What this task involves | What is needed is every line of the material that contains "home".

Raw data |
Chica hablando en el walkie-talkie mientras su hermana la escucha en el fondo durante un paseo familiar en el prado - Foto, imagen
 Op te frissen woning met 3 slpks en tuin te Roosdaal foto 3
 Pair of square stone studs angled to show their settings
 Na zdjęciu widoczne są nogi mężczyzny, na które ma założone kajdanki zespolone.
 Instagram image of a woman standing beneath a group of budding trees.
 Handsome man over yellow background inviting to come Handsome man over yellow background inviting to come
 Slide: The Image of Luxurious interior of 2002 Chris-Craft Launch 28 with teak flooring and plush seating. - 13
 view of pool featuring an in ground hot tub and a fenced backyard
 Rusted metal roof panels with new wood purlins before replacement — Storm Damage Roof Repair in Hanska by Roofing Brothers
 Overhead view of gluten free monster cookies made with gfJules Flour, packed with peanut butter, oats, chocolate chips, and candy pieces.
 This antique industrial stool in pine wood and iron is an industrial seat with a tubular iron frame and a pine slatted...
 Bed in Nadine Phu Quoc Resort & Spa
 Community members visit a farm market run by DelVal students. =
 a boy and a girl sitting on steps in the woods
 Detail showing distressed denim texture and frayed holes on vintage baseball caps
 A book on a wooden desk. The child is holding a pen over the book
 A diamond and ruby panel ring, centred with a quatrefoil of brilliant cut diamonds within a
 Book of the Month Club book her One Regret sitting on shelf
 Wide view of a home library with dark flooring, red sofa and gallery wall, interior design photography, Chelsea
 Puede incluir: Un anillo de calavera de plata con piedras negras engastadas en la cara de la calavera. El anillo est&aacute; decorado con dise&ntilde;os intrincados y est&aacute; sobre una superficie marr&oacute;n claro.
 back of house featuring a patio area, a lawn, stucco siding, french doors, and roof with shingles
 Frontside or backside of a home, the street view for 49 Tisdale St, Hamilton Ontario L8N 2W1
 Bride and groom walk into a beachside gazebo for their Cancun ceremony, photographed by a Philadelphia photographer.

Written solution |
 Wide view of a home library with dark flooring, red sofa and gallery wall, interior design photography, Chelsea
 Frontside or backside of a home, the street view for 49 Tisdale St, Hamilton Ontario L8N 2W1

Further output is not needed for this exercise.